### REQUIRED ACTION
The stretch wanted below opens at the line containing "Taunus, Hessen Pronájem" and closes at the line containing "Used 2021 Toyota RAV4 LE image 20". Please return it exactly, with no other lines.

### LISTED RECORDS
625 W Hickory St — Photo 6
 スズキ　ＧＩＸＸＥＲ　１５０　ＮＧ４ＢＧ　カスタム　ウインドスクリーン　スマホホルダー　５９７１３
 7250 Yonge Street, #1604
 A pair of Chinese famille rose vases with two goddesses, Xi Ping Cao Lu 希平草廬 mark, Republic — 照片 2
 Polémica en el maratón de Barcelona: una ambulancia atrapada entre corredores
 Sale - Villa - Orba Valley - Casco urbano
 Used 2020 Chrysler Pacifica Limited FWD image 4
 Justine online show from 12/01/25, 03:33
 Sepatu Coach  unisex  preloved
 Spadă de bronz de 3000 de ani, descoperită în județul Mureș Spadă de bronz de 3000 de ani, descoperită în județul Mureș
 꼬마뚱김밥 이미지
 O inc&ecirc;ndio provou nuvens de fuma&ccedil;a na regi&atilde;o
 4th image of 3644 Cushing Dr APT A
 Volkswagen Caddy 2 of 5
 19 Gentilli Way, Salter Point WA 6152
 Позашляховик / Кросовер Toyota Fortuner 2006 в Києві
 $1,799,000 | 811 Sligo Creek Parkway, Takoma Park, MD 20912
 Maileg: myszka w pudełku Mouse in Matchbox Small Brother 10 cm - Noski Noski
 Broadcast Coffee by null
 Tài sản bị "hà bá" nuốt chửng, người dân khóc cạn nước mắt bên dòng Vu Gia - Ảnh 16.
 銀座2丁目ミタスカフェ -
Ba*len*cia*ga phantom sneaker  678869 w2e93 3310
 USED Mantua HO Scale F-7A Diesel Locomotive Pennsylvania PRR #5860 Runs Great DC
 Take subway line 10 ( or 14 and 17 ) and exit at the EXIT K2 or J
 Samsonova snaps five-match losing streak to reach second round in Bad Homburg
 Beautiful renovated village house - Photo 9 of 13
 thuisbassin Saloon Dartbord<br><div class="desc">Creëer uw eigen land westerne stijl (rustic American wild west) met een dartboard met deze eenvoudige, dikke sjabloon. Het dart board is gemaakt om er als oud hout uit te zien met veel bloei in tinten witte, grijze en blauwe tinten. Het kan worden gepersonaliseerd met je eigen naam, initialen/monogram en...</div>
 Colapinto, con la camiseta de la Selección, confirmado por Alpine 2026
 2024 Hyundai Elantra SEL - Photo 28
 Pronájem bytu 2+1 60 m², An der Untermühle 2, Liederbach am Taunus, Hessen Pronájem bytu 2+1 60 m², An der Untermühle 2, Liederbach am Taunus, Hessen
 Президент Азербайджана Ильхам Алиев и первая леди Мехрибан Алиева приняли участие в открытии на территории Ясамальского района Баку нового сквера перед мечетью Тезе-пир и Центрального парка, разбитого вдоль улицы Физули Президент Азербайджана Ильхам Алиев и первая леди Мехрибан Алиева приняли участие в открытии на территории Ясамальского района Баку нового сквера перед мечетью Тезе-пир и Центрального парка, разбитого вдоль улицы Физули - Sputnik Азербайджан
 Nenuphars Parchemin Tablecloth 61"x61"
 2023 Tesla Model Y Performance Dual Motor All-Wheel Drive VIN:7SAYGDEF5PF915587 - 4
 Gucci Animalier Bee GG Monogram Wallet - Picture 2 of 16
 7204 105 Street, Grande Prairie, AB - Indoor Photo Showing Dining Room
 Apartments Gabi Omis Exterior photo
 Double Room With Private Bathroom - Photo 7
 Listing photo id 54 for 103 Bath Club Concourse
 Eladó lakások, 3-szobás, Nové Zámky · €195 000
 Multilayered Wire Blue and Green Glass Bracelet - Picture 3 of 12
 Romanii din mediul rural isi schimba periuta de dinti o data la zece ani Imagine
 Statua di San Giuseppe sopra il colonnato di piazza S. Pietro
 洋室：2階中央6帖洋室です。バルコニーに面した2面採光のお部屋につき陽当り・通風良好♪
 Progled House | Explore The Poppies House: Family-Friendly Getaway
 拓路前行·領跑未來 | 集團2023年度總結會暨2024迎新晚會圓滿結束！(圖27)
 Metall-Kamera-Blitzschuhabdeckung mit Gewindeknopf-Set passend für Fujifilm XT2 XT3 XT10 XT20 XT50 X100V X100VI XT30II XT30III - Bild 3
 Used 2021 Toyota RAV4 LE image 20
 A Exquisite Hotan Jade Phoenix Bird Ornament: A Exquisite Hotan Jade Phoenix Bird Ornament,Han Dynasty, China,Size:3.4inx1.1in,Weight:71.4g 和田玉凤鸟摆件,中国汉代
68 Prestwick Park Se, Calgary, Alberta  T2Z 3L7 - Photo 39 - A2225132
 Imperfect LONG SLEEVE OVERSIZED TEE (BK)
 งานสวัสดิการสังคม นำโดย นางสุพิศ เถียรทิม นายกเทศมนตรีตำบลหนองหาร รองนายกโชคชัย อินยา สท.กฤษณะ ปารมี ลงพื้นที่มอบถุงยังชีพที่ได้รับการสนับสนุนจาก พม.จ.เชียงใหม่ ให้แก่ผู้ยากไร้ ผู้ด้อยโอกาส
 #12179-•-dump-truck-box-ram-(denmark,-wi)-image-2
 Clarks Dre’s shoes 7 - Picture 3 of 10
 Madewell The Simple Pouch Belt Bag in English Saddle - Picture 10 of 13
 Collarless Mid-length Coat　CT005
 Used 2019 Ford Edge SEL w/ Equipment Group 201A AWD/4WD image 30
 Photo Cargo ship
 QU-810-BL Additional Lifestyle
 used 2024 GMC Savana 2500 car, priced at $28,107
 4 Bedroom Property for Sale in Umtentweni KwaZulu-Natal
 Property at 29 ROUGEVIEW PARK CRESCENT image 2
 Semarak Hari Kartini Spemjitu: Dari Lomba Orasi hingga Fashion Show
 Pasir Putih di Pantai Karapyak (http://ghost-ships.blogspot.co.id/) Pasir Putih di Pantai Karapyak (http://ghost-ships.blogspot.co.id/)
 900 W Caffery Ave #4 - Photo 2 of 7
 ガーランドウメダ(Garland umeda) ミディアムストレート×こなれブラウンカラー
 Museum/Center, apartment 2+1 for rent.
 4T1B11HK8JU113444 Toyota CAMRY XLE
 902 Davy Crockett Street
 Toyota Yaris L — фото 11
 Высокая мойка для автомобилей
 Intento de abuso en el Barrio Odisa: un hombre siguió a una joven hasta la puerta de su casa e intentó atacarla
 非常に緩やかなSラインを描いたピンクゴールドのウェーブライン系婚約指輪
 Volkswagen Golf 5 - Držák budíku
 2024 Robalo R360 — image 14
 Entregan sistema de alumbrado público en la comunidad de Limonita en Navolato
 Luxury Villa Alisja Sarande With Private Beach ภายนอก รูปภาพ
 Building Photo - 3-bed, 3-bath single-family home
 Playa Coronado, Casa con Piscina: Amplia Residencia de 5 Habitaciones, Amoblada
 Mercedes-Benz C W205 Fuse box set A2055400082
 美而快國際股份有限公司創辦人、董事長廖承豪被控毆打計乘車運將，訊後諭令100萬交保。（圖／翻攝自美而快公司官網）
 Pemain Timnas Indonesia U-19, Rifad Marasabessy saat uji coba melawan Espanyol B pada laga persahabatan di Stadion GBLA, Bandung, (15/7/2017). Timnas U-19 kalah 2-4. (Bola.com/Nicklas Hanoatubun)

### PROBLEM SOLUTION
 Pronájem bytu 2+1 60 m², An der Untermühle 2, Liederbach am Taunus, Hessen Pronájem bytu 2+1 60 m², An der Untermühle 2, Liederbach am Taunus, Hessen
 Президент Азербайджана Ильхам Алиев и первая леди Мехрибан Алиева приняли участие в открытии на территории Ясамальского района Баку нового сквера перед мечетью Тезе-пир и Центрального парка, разбитого вдоль улицы Физули Президент Азербайджана Ильхам Алиев и первая леди Мехрибан Алиева приняли участие в открытии на территории Ясамальского района Баку нового сквера перед мечетью Тезе-пир и Центрального парка, разбитого вдоль улицы Физули - Sputnik Азербайджан
 Nenuphars Parchemin Tablecloth 61"x61"
 2023 Tesla Model Y Performance Dual Motor All-Wheel Drive VIN:7SAYGDEF5PF915587 - 4
 Gucci Animalier Bee GG Monogram Wallet - Picture 2 of 16
 7204 105 Street, Grande Prairie, AB - Indoor Photo Showing Dining Room
 Apartments Gabi Omis Exterior photo
 Double Room With Private Bathroom - Photo 7
 Listing photo id 54 for 103 Bath Club Concourse
 Eladó lakások, 3-szobás, Nové Zámky · €195 000
 Multilayered Wire Blue and Green Glass Bracelet - Picture 3 of 12
 Romanii din mediul rural isi schimba periuta de dinti o data la zece ani Imagine
 Statua di San Giuseppe sopra il colonnato di piazza S. Pietro
 洋室：2階中央6帖洋室です。バルコニーに面した2面採光のお部屋につき陽当り・通風良好♪
 Progled House | Explore The Poppies House: Family-Friendly Getaway
 拓路前行·領跑未來 | 集團2023年度總結會暨2024迎新晚會圓滿結束！(圖27)
 Metall-Kamera-Blitzschuhabdeckung mit Gewindeknopf-Set passend für Fujifilm XT2 XT3 XT10 XT20 XT50 X100V X100VI XT30II XT30III - Bild 3
 Used 2021 Toyota RAV4 LE image 20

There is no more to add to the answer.